START Source data

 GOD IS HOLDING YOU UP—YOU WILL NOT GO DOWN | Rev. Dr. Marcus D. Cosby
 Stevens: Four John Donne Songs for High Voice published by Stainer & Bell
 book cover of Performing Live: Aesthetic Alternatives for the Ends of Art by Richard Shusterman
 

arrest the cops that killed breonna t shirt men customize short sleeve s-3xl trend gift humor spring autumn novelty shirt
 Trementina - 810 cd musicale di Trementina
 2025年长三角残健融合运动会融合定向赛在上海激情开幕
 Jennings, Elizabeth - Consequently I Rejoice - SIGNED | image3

END Source data
START Source data

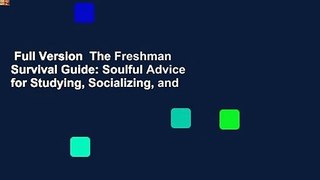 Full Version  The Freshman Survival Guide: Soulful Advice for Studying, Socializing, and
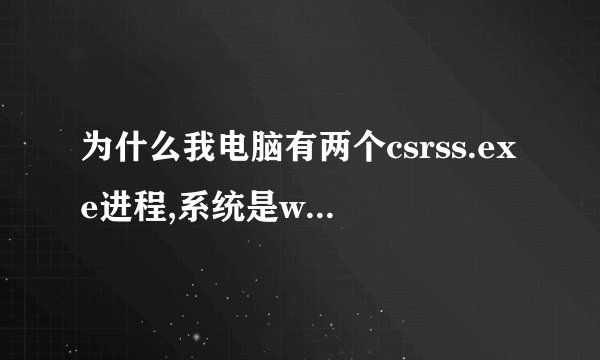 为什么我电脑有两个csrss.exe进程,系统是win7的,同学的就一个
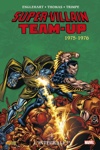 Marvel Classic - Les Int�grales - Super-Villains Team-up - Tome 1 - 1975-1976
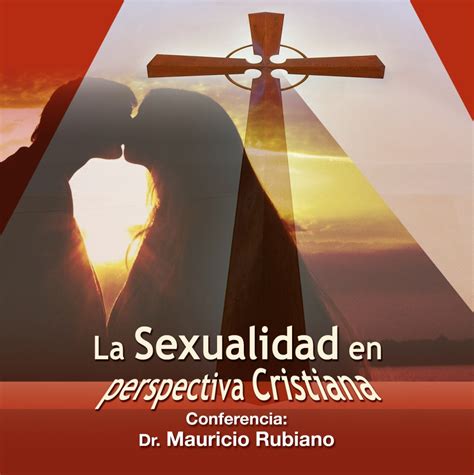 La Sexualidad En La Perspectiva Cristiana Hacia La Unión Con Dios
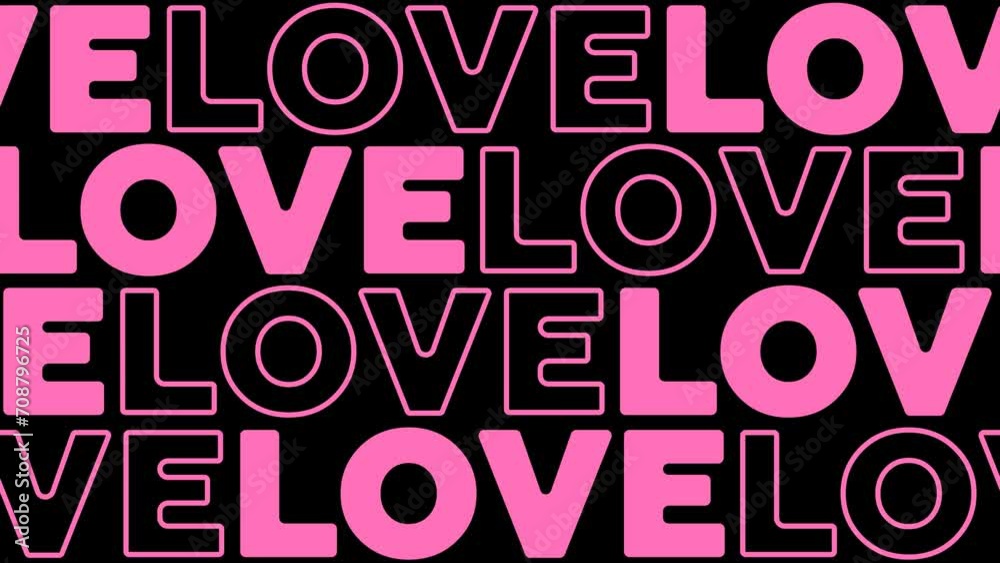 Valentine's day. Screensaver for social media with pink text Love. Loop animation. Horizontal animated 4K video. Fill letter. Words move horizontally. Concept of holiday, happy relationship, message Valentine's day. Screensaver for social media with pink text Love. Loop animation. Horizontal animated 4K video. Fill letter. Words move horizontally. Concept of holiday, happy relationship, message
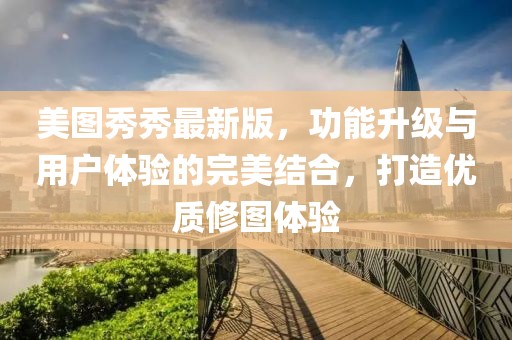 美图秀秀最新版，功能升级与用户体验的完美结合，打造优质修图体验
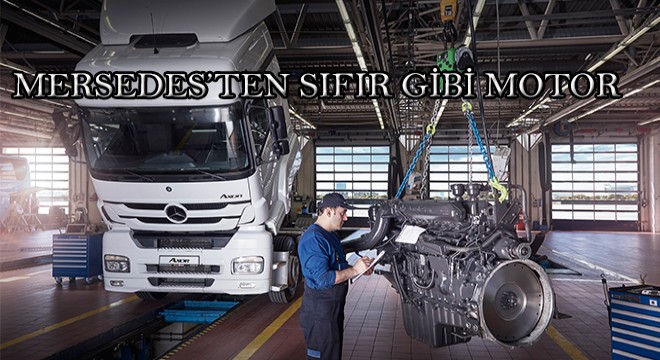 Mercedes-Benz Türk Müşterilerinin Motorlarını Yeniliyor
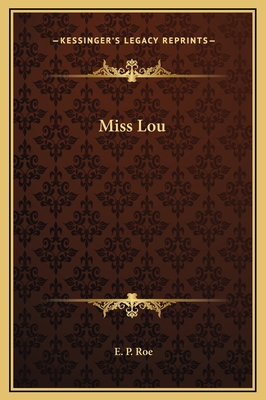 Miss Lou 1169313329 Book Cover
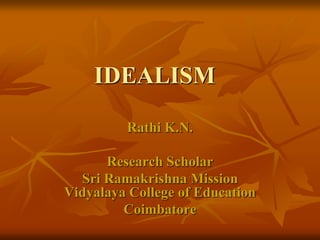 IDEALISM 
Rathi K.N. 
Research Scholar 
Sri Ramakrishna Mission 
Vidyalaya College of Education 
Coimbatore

END Source data
START Source data

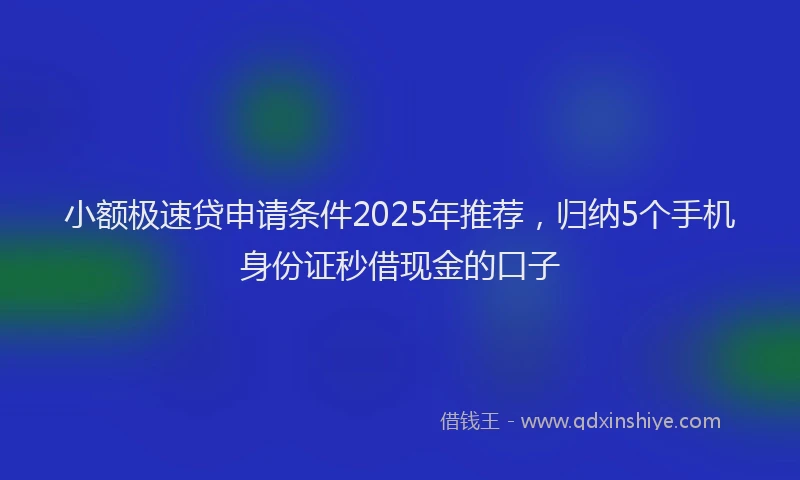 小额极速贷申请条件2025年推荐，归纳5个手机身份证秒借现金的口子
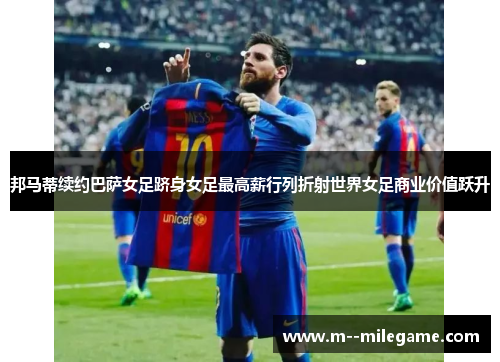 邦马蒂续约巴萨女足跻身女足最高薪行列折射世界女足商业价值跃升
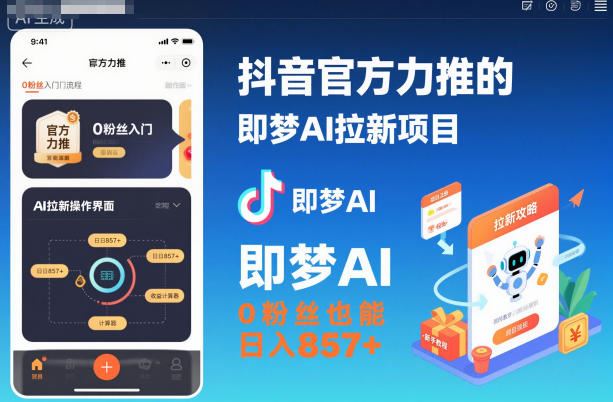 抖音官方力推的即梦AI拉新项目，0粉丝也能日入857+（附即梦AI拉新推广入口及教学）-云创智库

END Source data

What you should do » Lines from the one above containing "relationship, message Valentine's" down to the one containing "Sri Ramakrishna Mission" should be transcribed exactly, with both ends kept and no pictures.

Your solution »
 Valentine's day. Screensaver for social media with pink text Love. Loop animation. Horizontal animated 4K video. Fill letter. Words move horizontally. Concept of holiday, happy relationship, message Valentine's day. Screensaver for social media with pink text Love. Loop animation. Horizontal animated 4K video. Fill letter. Words move horizontally. Concept of holiday, happy relationship, message
 美图秀秀最新版，功能升级与用户体验的完美结合，打造优质修图体验
 Mercedes-Benz Türk Müşterilerinin Motorlarını Yeniliyor
 Miss Lou 1169313329 Book Cover
 IDEALISM 
Rathi K.N. 
Research Scholar 
Sri Ramakrishna Mission 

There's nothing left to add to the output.